Arsenal stepped back from the edge of the abyss and turned towards the final instead. Just when their European journey and their season appeared over, down to 10 men and trailing 2-0 through goals from Manu Trigueros and Raúl Albiol, unable to muster a shot on target and on the verge of falling at the hands of the manager they had sacked, Bukayo Saka won a penalty that gives them hope. Mikel Arteta’s side went down in Spain, but they didn’t go out, Nicolas Pépé scoring the away goal that provides something to build on in seven days’ time.
For much of the night it had not seemed likely, and it may not seem like much, but it is something. More, in fact, than had appeared likely for so long. For Arsenal, happier with the result than the performance, certainly for the first hour, there would be relief and something of a revival. Gdansk feels within reach now. For Villarreal, there is a lead but also a feeling of lost opportunity. “They got out of here alive,” said Trigueros afterwards. “We should have killed them off.”
He had a point there; he had a point, too, when he suggested Saka had been perpetrator as much as the victim on the penalty that changes the shape of this tie. That it hurt was understandable: not just because of the lead Villarreal had, the sense of superiority not made to count, and the injustice of the decision that denied them, but because of howbig this was – an opportunity to reach their first final at the expense of the team that denied them 15 years ago.
Outside, thousands of Villarreal fans had gathered, yellow smoke rising around the ground, motorbikes revving as they circled, scarves whirling, flags waving. A banner had been hung across the street. “Our history, our dream, our moment,” it said. This was Villarreal’s fifth European semi-final. The previous four times they had fallen; none hurt more than against Arsenal in the 2006 Champions League. By the stadium, a banner said simply: “Vendetta.”
Inside the only fans were cardboard cutouts, the first glimpse of revenge exacted silently. Swiftly, too. It took just five minutes for Villarreal to take the lead. Juan Foyth, repeatedly allowed to step forward, found Samu Chukwueze who ran at Granit Xhaka, a weak link identified and exploited early. The ball slipped free and Trigueros hit it hard and low into the far corner.
Dani Ceballos had been exposed there, too, but it was the midfielder who most sought to get Arsenal back into the game, requesting the ball and the responsibility and finding a foothold in the game. The problem was, it was never any more than that. Shots from Saka and Thomas Partey sailed well over and Rob Holding headed wide, Gerónimo Rulli an untroubled figure.
On the other side, Dani Parejo dictated the tempo, slowing down and speeding up as circumstance demanded. His pass suddenly set Alfonso Pedraza away to win the corner that doubled their lead. Although Pedraza was denied as he dashed into the area, Parejo’s corner was headed on by Gerard Moreno and Albiol volleyed in at the far post.

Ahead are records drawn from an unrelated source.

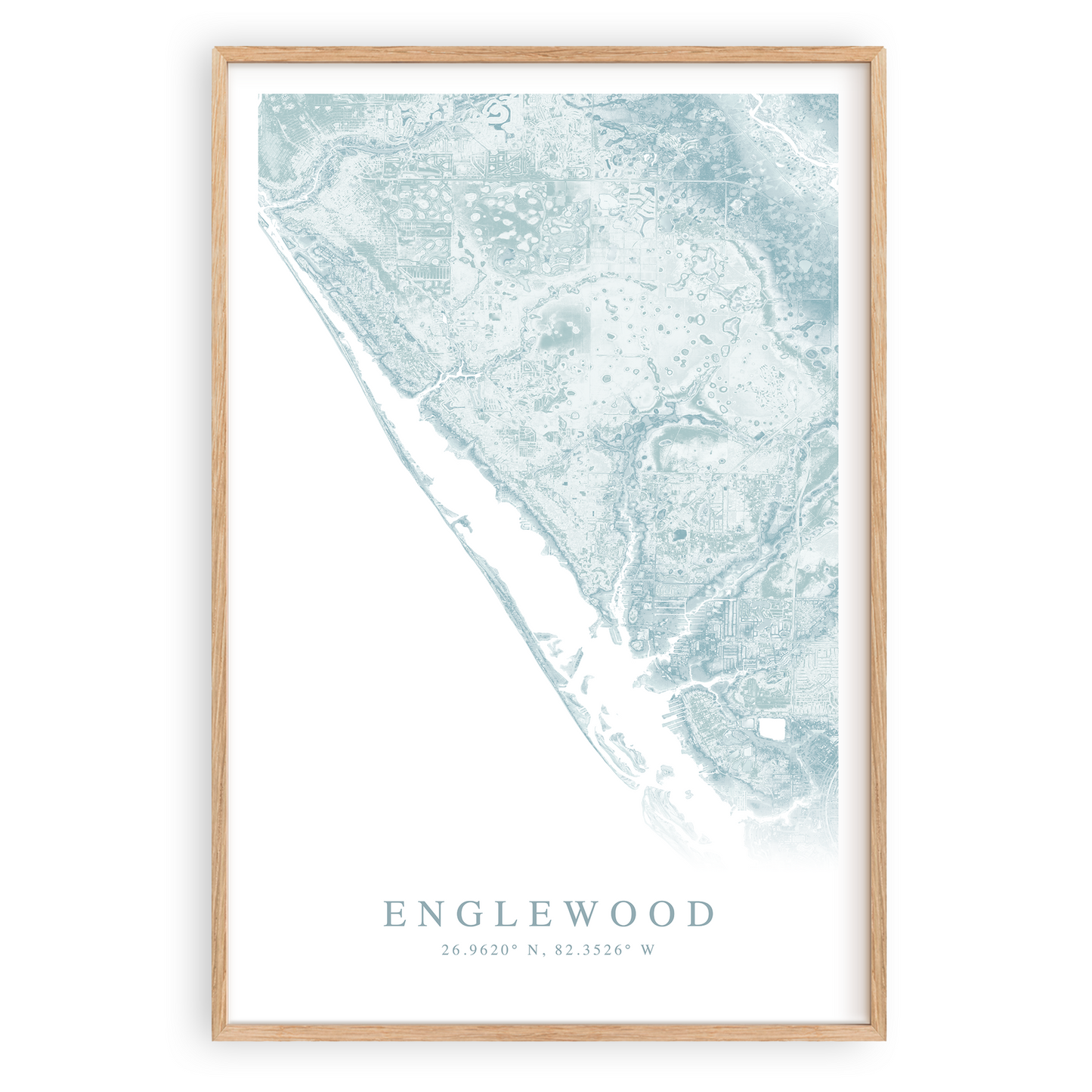 englewood florida map print in wood frame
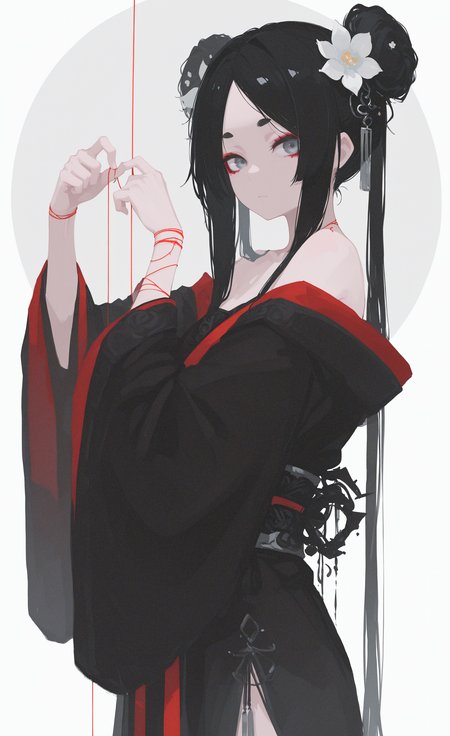 masterpiece,best quality,amazing quality, 1girl, solo, long hair, looking at viewer, delicate black hanfu, big eyes, Off-shoulder, clavicle, Red Eyeshadow, parted bangs, short eyebrows,thick eyebrows,black hair, long sleeves, hair ornament, white background, holding, ribbon, closed mouth, very long hair, twintails, flower, sidelocks, cowboy shot, hair flower, wide sleeves, grey background,off shoulder, hair bun, hands up, grey eyes, sash, double bun, expressionless, obi, white flower, string, circle, From Side, h4ra_illu, <lora:ponyv6_noobE11_2_adamW-000017:0.3> <lora:XXX667:0.5> <lora:96YOTTEA-WAI:0.5> <lora:hara_id_21:0.8>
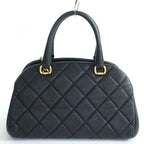 Chanel As3893 Caviar Leather Quilted 2-Way Bow Sling Bag Handbag Black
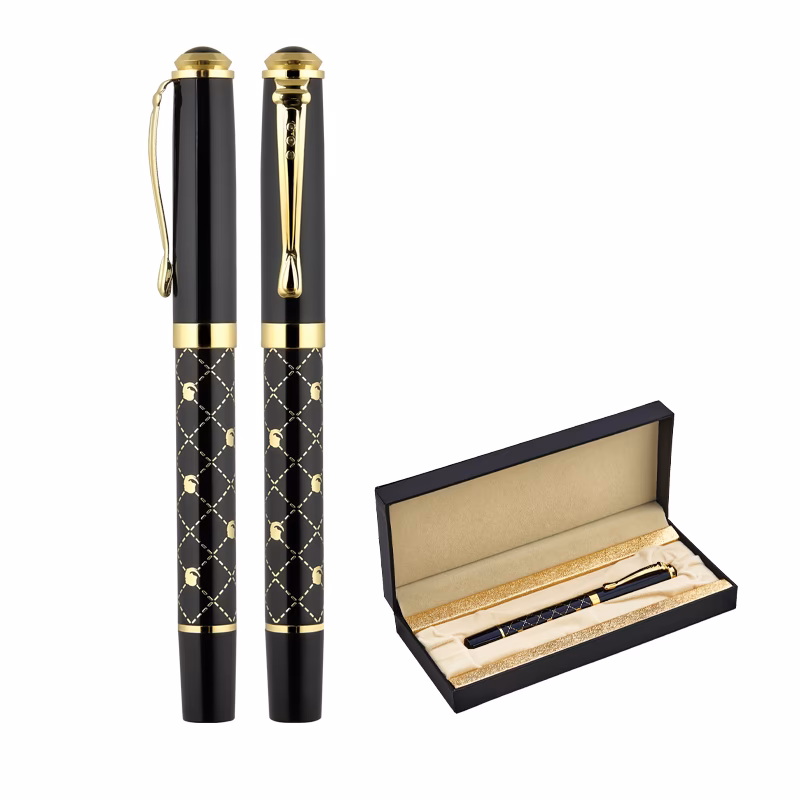656-KR Metal Roller Kalem Seti - Siyah-Gold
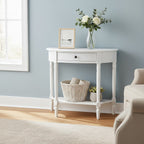 White Wooden Half Moon 1 Drawer Console Table with Lower Shelf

This already seemed beyond Arsenal who were not bad exactly, just not anything really. Momentarily, they had a penalty but the VAR spotted that Pépé had controlled with his arm before Foyth tripped him. Villarreal, meanwhile, might have had more, Moreno slipping as he went round Bernd Leno and slicing another effort wide.
Half-time brought a change in personnel and in approach which may provoke accusations of conservatism, Emery replacing Paco Alcácer with Francis Coquelin. If that invited pressure, Arsenal were inclined to accept. Yet while they took a step forward, that impetus cost them when Ceballos received a second yellow card for treading on Parejo.
Here was an opportunity for Villarreal, Chukwueze slipping in Trigueros and then firing off a shot that Leno pushed away. Leno then denied Moreno, alone in the area. Arsenal were struggling but suddenly a lifeline appeared. Saka reached for it, in every sense, targeting a tumble over Trigueros that had Artur Dias pointing to the spot again. The Villarreal midfielder had moved rather less than the Arsenal attacker, Emery insisting that it shouldn’t have been given, but this time there was no turning back and Pépé scored.
Not long after, Villarreal too were down to 10 men, Étienne Capoue sent off as he was carried off following a challenge on Saka, the tie left in the balance. Arsenal looked for more and, pushing for the equaliser now, could even have got it when Pierre-Emerick Aubameyang drew a smart save in the final minute.